→ **ASSIGNMENT**
Produce an exact copy of the lines below, starting at the first and ending with the line containing "Used 2020 Tesla Model 3 Long Range image 34".
▼
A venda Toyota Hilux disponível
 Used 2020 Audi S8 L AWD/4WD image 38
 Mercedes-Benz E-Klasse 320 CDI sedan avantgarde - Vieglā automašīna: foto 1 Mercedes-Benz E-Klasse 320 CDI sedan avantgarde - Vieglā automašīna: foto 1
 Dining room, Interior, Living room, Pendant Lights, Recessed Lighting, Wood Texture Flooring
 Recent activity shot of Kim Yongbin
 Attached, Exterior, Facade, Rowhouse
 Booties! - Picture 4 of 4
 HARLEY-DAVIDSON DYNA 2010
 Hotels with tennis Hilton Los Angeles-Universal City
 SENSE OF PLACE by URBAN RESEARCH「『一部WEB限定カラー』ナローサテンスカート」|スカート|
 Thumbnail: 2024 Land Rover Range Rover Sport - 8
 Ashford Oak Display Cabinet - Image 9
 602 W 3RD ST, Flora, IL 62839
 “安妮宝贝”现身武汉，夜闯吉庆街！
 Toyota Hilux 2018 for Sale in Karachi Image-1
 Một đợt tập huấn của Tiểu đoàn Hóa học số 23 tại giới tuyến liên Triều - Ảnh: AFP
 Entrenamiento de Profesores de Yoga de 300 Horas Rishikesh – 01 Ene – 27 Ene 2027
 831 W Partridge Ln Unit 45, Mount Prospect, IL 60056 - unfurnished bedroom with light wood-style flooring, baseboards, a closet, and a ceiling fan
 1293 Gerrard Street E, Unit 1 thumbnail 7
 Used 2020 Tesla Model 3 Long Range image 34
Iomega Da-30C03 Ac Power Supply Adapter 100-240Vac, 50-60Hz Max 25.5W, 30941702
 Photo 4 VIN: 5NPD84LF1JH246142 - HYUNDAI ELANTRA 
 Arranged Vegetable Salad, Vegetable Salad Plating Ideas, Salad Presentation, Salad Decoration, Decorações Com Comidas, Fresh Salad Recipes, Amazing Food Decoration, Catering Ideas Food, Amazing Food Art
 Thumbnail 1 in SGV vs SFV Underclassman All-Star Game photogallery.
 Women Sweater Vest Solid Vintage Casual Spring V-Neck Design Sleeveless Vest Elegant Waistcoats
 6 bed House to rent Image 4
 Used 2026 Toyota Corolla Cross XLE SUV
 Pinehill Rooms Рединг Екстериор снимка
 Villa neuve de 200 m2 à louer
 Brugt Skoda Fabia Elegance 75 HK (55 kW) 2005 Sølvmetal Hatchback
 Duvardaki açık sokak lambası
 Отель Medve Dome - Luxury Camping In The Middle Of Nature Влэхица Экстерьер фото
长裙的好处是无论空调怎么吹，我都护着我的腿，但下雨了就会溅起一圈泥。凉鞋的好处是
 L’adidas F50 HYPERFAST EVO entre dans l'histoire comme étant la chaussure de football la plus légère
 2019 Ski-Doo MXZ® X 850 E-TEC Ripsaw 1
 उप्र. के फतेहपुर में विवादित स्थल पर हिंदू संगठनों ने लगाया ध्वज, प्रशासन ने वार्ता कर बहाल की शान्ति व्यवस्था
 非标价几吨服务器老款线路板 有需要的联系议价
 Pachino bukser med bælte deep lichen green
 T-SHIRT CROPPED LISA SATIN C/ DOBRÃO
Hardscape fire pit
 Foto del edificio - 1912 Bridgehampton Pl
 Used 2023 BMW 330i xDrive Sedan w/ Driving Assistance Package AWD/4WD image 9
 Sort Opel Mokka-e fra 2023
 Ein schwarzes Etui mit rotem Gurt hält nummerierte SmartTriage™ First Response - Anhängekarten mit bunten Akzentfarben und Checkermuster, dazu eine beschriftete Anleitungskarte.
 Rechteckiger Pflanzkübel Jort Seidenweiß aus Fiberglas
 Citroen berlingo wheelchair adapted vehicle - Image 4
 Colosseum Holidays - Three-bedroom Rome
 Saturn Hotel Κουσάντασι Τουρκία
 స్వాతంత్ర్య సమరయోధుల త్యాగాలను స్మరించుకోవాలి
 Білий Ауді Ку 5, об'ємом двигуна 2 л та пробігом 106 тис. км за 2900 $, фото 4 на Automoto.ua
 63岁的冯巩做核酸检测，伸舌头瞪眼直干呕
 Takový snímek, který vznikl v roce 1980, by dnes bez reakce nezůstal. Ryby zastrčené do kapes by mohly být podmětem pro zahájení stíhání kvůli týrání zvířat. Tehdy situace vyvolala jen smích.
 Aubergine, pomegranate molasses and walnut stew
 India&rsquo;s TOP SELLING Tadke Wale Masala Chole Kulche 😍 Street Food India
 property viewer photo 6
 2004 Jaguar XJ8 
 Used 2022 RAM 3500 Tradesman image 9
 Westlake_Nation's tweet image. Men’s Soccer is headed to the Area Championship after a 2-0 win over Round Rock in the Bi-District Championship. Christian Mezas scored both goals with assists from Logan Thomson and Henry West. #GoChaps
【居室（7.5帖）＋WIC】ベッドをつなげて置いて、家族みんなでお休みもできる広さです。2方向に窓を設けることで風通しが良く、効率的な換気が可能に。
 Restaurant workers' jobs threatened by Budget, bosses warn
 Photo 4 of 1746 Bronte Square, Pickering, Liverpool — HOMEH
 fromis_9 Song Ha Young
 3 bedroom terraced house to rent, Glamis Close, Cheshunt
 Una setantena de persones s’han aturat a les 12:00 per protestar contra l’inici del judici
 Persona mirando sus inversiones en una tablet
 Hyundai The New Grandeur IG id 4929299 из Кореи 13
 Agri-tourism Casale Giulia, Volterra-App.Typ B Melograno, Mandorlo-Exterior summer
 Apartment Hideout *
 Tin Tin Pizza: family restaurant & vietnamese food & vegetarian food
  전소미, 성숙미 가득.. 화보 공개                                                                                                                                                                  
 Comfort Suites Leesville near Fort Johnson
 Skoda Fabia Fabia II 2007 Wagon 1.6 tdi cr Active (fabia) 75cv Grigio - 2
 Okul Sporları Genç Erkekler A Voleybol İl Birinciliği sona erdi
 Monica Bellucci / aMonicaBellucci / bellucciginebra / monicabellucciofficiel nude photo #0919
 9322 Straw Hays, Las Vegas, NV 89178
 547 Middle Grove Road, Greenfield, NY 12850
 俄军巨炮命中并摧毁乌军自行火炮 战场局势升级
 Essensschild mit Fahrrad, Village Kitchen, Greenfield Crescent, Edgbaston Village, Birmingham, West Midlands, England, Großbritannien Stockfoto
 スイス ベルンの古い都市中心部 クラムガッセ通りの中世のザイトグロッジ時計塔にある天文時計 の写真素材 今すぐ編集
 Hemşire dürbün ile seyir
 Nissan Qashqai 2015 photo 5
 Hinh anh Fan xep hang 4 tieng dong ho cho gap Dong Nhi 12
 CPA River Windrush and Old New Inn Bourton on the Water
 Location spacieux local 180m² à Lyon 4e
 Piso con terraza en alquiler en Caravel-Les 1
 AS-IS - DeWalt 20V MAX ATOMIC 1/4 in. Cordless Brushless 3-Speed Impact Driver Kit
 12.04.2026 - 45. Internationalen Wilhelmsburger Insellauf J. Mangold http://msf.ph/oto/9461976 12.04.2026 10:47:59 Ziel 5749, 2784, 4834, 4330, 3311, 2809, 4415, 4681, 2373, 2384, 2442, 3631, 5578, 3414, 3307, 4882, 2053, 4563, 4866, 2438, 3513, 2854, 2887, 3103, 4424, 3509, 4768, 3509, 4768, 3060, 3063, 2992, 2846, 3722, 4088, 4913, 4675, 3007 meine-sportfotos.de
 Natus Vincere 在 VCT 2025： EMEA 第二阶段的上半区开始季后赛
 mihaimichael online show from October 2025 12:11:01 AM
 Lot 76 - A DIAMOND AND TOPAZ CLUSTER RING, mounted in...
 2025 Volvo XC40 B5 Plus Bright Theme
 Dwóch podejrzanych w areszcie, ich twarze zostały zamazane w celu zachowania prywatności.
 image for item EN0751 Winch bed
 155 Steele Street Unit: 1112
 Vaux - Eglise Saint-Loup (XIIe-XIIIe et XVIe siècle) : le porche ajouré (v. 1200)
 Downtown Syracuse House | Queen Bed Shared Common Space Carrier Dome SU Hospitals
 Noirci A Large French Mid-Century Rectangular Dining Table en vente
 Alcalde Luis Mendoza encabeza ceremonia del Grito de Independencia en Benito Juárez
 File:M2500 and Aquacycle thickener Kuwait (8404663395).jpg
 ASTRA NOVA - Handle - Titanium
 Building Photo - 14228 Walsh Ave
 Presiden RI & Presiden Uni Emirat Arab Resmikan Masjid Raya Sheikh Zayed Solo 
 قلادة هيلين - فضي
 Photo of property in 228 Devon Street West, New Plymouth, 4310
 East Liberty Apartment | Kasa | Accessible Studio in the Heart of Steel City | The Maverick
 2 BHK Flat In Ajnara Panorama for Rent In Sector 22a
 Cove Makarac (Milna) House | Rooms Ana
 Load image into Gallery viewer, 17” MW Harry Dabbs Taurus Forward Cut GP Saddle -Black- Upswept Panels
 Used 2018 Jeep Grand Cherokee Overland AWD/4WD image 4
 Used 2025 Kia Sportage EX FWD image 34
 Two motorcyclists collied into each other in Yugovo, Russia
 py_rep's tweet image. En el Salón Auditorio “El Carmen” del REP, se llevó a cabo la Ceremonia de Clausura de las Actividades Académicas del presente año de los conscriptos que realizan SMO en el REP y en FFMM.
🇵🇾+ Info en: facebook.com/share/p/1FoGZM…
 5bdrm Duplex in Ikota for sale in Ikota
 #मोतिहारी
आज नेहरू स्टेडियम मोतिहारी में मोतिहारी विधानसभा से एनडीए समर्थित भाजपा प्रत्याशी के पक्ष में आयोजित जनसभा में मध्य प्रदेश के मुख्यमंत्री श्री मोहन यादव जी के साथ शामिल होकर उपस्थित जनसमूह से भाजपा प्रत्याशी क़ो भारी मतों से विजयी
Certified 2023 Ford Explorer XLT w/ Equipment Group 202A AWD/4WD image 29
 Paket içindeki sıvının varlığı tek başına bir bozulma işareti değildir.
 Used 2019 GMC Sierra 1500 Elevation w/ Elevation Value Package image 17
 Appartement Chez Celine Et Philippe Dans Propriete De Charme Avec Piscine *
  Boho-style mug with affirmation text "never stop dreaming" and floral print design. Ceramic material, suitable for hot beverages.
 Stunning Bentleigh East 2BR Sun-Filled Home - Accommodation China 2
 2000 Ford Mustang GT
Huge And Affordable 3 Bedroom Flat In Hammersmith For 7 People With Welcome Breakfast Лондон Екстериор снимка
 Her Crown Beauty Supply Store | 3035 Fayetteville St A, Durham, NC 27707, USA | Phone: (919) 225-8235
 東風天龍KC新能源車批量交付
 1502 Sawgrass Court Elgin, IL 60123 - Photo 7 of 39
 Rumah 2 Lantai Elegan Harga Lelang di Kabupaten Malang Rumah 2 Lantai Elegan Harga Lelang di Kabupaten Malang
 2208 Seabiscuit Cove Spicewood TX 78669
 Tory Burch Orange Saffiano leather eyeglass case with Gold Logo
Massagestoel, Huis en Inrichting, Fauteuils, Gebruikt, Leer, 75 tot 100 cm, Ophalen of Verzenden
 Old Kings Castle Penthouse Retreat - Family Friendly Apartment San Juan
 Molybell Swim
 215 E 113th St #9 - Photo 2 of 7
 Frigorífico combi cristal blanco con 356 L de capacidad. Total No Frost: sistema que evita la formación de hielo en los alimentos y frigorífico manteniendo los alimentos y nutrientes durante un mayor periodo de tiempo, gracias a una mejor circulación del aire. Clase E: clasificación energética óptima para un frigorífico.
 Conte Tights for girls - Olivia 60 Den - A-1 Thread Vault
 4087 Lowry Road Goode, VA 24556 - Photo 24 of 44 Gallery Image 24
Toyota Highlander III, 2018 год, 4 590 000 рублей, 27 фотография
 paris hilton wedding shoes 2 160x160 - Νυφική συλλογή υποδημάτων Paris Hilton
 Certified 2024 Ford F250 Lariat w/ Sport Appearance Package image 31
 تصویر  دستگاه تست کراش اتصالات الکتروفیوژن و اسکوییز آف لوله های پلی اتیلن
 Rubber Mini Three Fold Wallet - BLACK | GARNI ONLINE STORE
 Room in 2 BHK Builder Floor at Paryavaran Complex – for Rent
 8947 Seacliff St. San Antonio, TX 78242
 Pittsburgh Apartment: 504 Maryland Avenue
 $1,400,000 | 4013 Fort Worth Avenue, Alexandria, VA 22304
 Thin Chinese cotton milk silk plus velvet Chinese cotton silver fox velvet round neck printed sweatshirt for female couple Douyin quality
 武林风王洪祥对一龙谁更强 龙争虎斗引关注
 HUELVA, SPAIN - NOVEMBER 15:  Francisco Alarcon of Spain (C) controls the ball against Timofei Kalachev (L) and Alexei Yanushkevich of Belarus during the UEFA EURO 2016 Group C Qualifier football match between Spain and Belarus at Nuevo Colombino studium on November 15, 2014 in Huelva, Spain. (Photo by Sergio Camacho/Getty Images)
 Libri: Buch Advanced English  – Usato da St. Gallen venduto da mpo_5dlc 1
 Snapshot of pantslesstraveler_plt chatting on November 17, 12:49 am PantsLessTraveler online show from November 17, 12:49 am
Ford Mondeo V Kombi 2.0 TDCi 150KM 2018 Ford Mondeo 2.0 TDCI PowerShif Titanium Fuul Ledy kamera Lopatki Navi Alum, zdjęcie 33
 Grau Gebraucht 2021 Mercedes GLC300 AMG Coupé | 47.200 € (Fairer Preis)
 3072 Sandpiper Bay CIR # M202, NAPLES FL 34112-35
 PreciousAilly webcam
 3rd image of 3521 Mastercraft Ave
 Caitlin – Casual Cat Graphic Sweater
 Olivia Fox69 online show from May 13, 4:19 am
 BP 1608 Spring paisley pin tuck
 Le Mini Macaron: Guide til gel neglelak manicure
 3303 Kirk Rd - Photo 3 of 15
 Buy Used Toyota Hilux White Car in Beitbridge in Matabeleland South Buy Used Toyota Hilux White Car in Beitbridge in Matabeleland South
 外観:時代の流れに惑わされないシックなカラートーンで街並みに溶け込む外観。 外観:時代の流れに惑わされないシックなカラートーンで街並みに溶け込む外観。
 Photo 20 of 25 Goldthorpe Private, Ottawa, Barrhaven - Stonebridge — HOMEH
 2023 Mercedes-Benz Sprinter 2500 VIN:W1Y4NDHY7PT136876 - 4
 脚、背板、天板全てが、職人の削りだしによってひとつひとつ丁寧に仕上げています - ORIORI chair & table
▲
→ **SOLUTION TO THE EXERCISE**
A venda Toyota Hilux disponível
 Used 2020 Audi S8 L AWD/4WD image 38
 Mercedes-Benz E-Klasse 320 CDI sedan avantgarde - Vieglā automašīna: foto 1 Mercedes-Benz E-Klasse 320 CDI sedan avantgarde - Vieglā automašīna: foto 1
 Dining room, Interior, Living room, Pendant Lights, Recessed Lighting, Wood Texture Flooring
 Recent activity shot of Kim Yongbin
 Attached, Exterior, Facade, Rowhouse
 Booties! - Picture 4 of 4
 HARLEY-DAVIDSON DYNA 2010
 Hotels with tennis Hilton Los Angeles-Universal City
 SENSE OF PLACE by URBAN RESEARCH「『一部WEB限定カラー』ナローサテンスカート」|スカート|
 Thumbnail: 2024 Land Rover Range Rover Sport - 8
 Ashford Oak Display Cabinet - Image 9
 602 W 3RD ST, Flora, IL 62839
 “安妮宝贝”现身武汉，夜闯吉庆街！
 Toyota Hilux 2018 for Sale in Karachi Image-1
 Một đợt tập huấn của Tiểu đoàn Hóa học số 23 tại giới tuyến liên Triều - Ảnh: AFP
 Entrenamiento de Profesores de Yoga de 300 Horas Rishikesh – 01 Ene – 27 Ene 2027
 831 W Partridge Ln Unit 45, Mount Prospect, IL 60056 - unfurnished bedroom with light wood-style flooring, baseboards, a closet, and a ceiling fan
 1293 Gerrard Street E, Unit 1 thumbnail 7
 Used 2020 Tesla Model 3 Long Range image 34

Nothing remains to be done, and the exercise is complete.